Scan the entries below. Report each line where the string "with" occurs.

- **EXERCISE INPUTS**

########

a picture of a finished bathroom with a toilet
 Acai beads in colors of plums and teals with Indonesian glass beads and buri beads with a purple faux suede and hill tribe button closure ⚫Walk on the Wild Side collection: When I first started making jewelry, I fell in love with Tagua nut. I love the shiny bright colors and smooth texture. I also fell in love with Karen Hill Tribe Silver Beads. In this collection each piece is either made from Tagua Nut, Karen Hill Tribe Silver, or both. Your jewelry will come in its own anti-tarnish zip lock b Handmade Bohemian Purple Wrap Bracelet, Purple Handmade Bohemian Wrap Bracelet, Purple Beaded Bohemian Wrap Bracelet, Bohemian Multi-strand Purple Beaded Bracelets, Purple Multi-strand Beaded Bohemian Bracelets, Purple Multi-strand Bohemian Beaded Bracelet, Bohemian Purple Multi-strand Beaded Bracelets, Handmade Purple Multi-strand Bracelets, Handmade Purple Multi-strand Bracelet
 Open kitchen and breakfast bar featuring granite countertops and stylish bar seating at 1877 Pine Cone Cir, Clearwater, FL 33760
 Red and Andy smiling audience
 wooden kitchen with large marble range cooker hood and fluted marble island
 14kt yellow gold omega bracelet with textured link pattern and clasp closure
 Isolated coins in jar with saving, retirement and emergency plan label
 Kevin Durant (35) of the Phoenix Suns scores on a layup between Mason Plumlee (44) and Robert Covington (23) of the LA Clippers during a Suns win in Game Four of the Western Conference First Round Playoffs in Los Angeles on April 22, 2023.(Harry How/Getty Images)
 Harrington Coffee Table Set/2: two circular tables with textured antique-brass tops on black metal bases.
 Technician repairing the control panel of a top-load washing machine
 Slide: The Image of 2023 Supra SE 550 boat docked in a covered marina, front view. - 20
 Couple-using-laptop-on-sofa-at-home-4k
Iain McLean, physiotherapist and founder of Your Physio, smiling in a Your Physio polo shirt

########

- **ANSWER TO THIS PROBLEM**
a picture of a finished bathroom with a toilet
 Acai beads in colors of plums and teals with Indonesian glass beads and buri beads with a purple faux suede and hill tribe button closure ⚫Walk on the Wild Side collection: When I first started making jewelry, I fell in love with Tagua nut. I love the shiny bright colors and smooth texture. I also fell in love with Karen Hill Tribe Silver Beads. In this collection each piece is either made from Tagua Nut, Karen Hill Tribe Silver, or both. Your jewelry will come in its own anti-tarnish zip lock b Handmade Bohemian Purple Wrap Bracelet, Purple Handmade Bohemian Wrap Bracelet, Purple Beaded Bohemian Wrap Bracelet, Bohemian Multi-strand Purple Beaded Bracelets, Purple Multi-strand Beaded Bohemian Bracelets, Purple Multi-strand Bohemian Beaded Bracelet, Bohemian Purple Multi-strand Beaded Bracelets, Handmade Purple Multi-strand Bracelets, Handmade Purple Multi-strand Bracelet
 wooden kitchen with large marble range cooker hood and fluted marble island
 14kt yellow gold omega bracelet with textured link pattern and clasp closure
 Isolated coins in jar with saving, retirement and emergency plan label
 Harrington Coffee Table Set/2: two circular tables with textured antique-brass tops on black metal bases.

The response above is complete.